[What you will do] Your task is to write out the lines from the line containing "A young woman" through the last line of the material, exactly.
┌──
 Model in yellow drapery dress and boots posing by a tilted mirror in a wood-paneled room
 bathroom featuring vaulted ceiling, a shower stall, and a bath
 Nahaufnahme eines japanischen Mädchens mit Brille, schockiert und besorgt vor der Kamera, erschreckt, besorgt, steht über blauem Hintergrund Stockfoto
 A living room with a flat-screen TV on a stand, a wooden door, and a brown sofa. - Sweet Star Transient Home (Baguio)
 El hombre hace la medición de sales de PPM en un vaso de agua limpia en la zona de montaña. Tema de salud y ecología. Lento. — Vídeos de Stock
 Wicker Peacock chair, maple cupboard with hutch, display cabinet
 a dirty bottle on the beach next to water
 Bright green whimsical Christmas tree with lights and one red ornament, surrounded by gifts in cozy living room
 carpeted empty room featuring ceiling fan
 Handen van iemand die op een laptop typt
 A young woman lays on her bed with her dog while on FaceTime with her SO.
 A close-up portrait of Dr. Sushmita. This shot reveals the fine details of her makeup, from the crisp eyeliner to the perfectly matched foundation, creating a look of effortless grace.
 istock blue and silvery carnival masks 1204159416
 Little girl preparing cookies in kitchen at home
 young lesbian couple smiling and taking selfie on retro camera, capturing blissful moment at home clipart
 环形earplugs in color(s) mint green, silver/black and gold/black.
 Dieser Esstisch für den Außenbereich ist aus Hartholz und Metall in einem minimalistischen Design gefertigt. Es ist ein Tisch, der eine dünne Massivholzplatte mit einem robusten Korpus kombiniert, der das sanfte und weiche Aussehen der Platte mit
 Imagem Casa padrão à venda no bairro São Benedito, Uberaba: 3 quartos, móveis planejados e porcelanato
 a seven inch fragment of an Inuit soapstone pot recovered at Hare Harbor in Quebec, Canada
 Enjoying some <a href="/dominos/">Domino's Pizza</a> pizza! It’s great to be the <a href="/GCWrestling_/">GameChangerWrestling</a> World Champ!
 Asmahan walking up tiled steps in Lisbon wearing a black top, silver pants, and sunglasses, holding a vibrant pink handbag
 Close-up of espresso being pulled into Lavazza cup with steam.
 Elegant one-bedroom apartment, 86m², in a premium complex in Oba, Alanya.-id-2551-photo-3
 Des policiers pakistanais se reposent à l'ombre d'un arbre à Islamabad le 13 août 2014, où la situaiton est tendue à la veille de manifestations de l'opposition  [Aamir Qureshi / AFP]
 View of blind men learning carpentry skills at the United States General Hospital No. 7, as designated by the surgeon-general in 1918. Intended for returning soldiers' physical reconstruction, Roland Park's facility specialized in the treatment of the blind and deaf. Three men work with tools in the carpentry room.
└──
[Exercise result]
 A young woman lays on her bed with her dog while on FaceTime with her SO.
 A close-up portrait of Dr. Sushmita. This shot reveals the fine details of her makeup, from the crisp eyeliner to the perfectly matched foundation, creating a look of effortless grace.
 istock blue and silvery carnival masks 1204159416
 Little girl preparing cookies in kitchen at home
 young lesbian couple smiling and taking selfie on retro camera, capturing blissful moment at home clipart
 环形earplugs in color(s) mint green, silver/black and gold/black.
 Dieser Esstisch für den Außenbereich ist aus Hartholz und Metall in einem minimalistischen Design gefertigt. Es ist ein Tisch, der eine dünne Massivholzplatte mit einem robusten Korpus kombiniert, der das sanfte und weiche Aussehen der Platte mit
 Imagem Casa padrão à venda no bairro São Benedito, Uberaba: 3 quartos, móveis planejados e porcelanato
 a seven inch fragment of an Inuit soapstone pot recovered at Hare Harbor in Quebec, Canada
 Enjoying some <a href="/dominos/">Domino's Pizza</a> pizza! It’s great to be the <a href="/GCWrestling_/">GameChangerWrestling</a> World Champ!
 Asmahan walking up tiled steps in Lisbon wearing a black top, silver pants, and sunglasses, holding a vibrant pink handbag
 Close-up of espresso being pulled into Lavazza cup with steam.
 Elegant one-bedroom apartment, 86m², in a premium complex in Oba, Alanya.-id-2551-photo-3
 Des policiers pakistanais se reposent à l'ombre d'un arbre à Islamabad le 13 août 2014, où la situaiton est tendue à la veille de manifestations de l'opposition  [Aamir Qureshi / AFP]
 View of blind men learning carpentry skills at the United States General Hospital No. 7, as designated by the surgeon-general in 1918. Intended for returning soldiers' physical reconstruction, Roland Park's facility specialized in the treatment of the blind and deaf. Three men work with tools in the carpentry room.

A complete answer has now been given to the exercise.